- _Exercise brief_: The output should match, line for line, the records from the line containing "KELESY New Genuine" through the line containing "Has Remote Work", with every picture left out.

- _Information_:
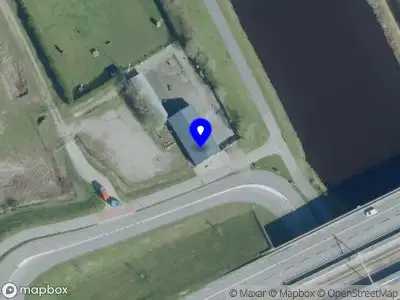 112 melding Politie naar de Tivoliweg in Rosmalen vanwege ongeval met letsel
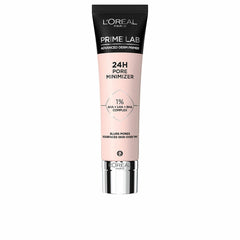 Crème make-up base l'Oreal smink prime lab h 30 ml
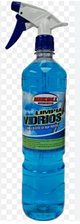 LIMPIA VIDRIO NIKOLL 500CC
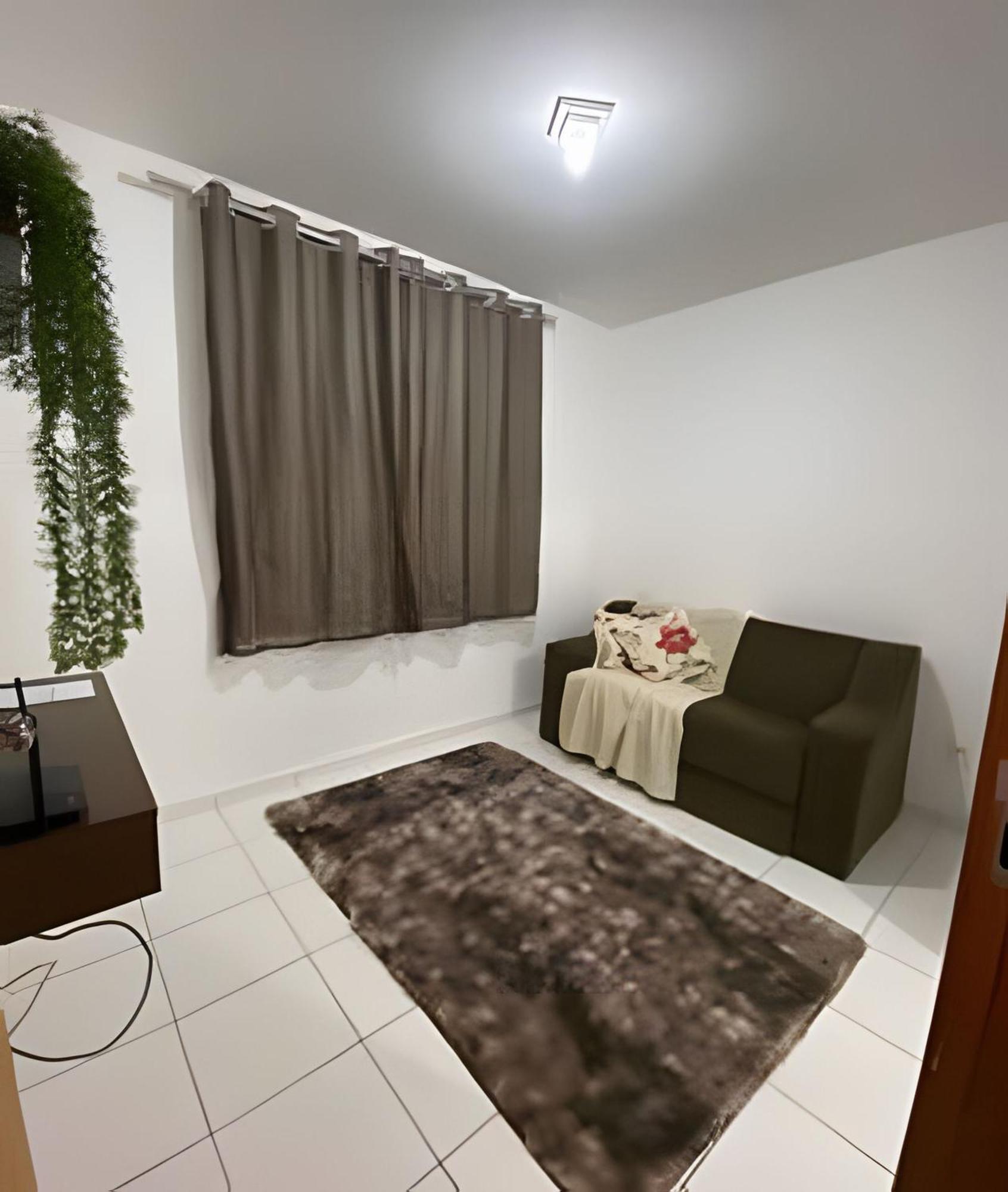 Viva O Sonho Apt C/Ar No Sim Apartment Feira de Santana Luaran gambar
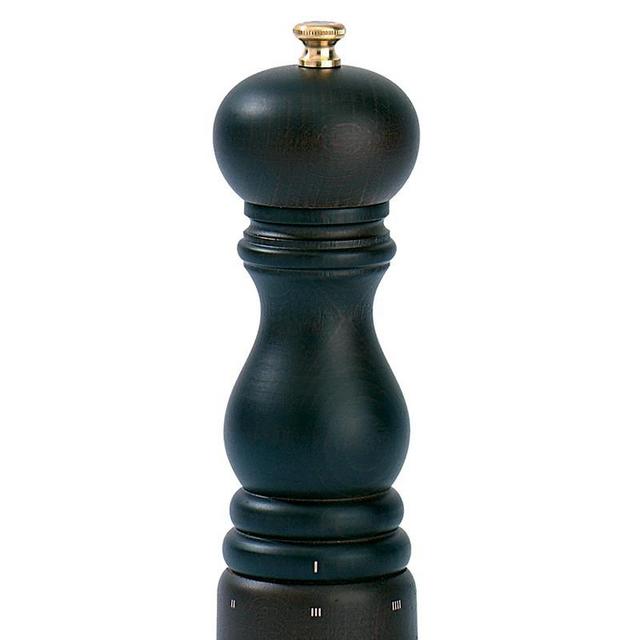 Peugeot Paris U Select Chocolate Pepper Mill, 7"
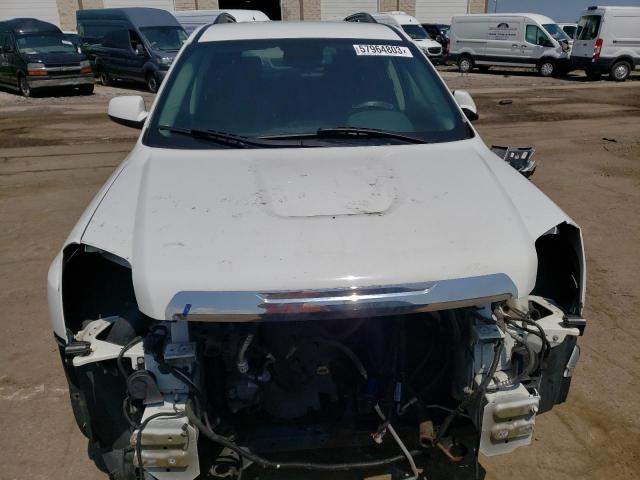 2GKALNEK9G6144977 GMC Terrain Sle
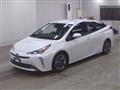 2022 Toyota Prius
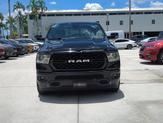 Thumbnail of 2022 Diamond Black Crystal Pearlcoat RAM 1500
...
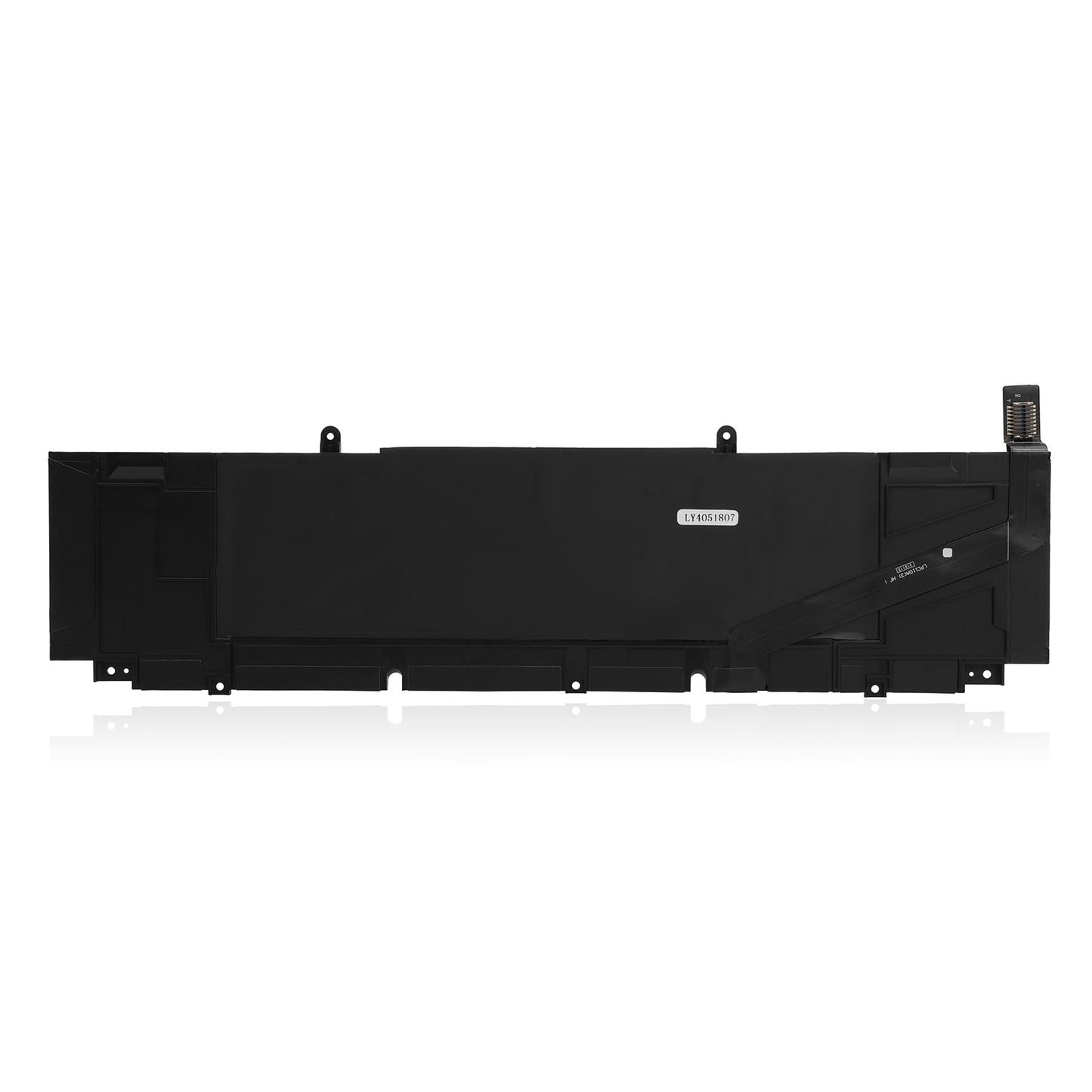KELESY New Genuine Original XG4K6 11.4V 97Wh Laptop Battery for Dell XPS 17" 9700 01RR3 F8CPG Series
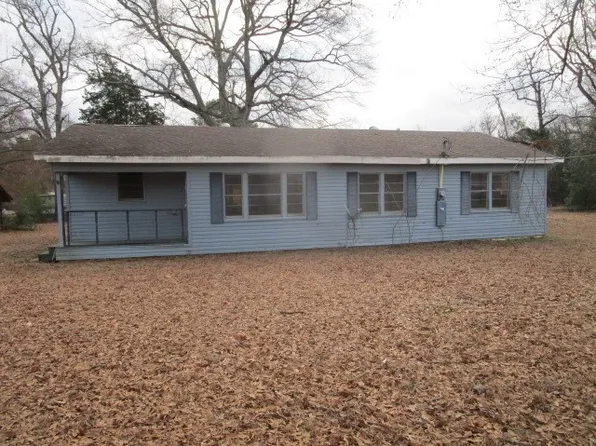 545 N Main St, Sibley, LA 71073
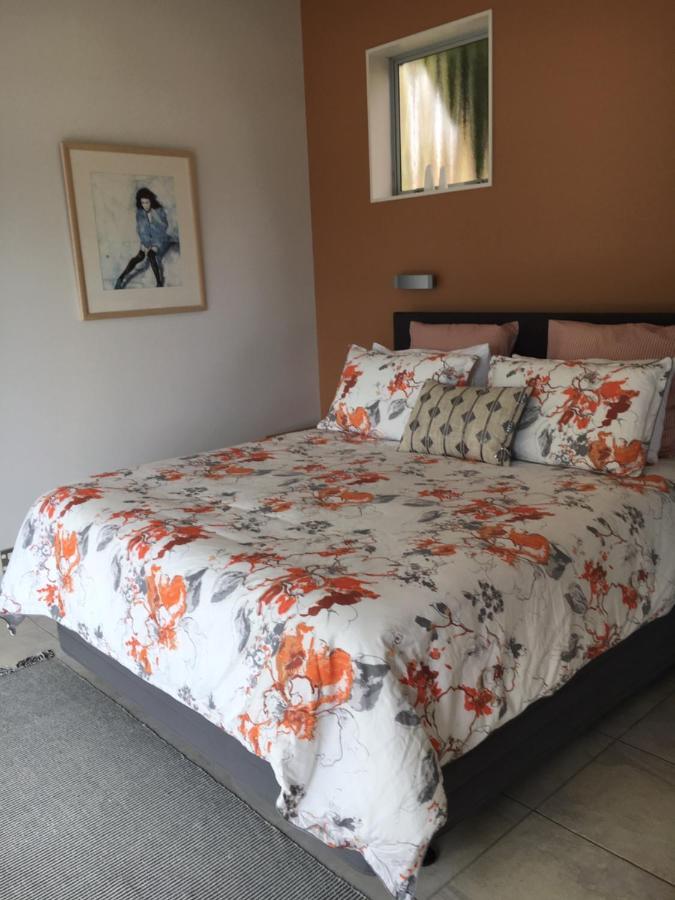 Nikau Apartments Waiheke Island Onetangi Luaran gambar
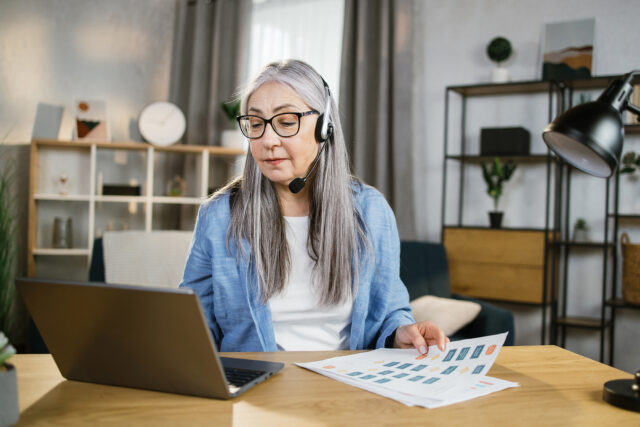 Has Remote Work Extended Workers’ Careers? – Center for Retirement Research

- _Reply to the exercise_:
KELESY New Genuine Original XG4K6 11.4V 97Wh Laptop Battery for Dell XPS 17" 9700 01RR3 F8CPG Series
 545 N Main St, Sibley, LA 71073
 Nikau Apartments Waiheke Island Onetangi Luaran gambar
 Has Remote Work Extended Workers’ Careers? – Center for Retirement Research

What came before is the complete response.